"The Dark Side of the Universe" 村山斉博士
OIST Presidential Lecture Series
"The Dark Side of the Universe" by Hitoshi Murayama
As a first of OIST Presidential Lecture Series, Dr. Hitoshi Murayama, Director of Kavli Institute for the Physics and Mathematics of the Universe, the University of Tokyo, talks about Dark Matter and Dark Energy, which are considered to make up 95% of the Universe.

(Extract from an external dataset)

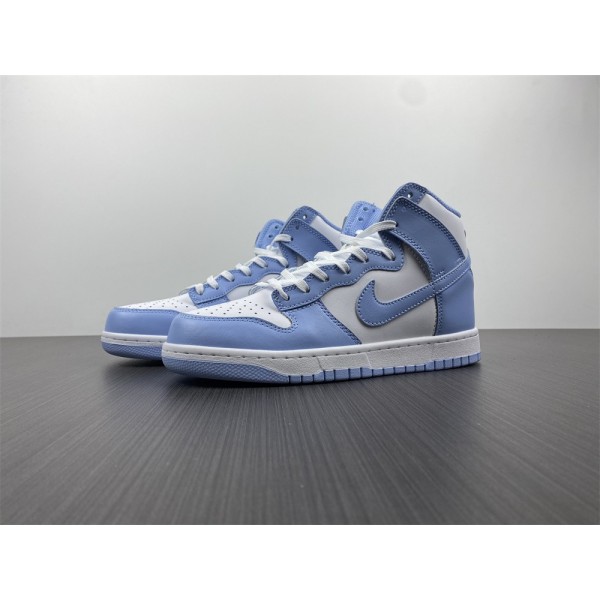 Tênis Nike Dunk High Aluminum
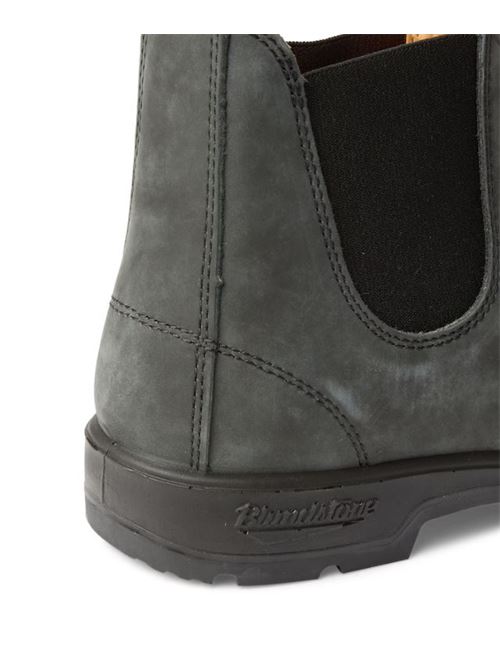 Black men's boots BLUNDSTONE | 242-587BC.BLK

Dark Matter is a part of the reason why we exist. There is plenty of evidence that dark matter exists in our own galaxy, other galaxies, and in clusters of galaxies. On the other hand, Dark Energy is speeding up the expansion of the Universe, and it may even lead the Universe to become infinitely fast and come to an end. Dr. Murayama discusses what researchers are doing, and trying to understand what these are.
Dr. Murayama received his Ph.D. in theoretical physics from the University of Tokyo in 1991, held research positions at Tohoku University and Lawrence Berkeley National Laboratory (LBNL), and has been on faculty at University of California, Berkeley since 1995. Currently he is a senior staff member at LBNL and MacAdams Professor of Physics at the University of California, Berkeley. Since 2007, he has also been the founding director of Kavli Institute for the Physics and Mathematics of the Universe at the University of Tokyo. He received the 2002 Yukawa Commemoration Prize and the 2017 Alexander von Humboldt Foundation Research Award. He is a Fellow of the American Physical Society and a member of the American Academy of Arts and Sciences, as well as the Science Council of Japan. Nature’s deep puzzles - from eccentric particles to dark matter to why our universe is expanding faster - are what he strives to solve.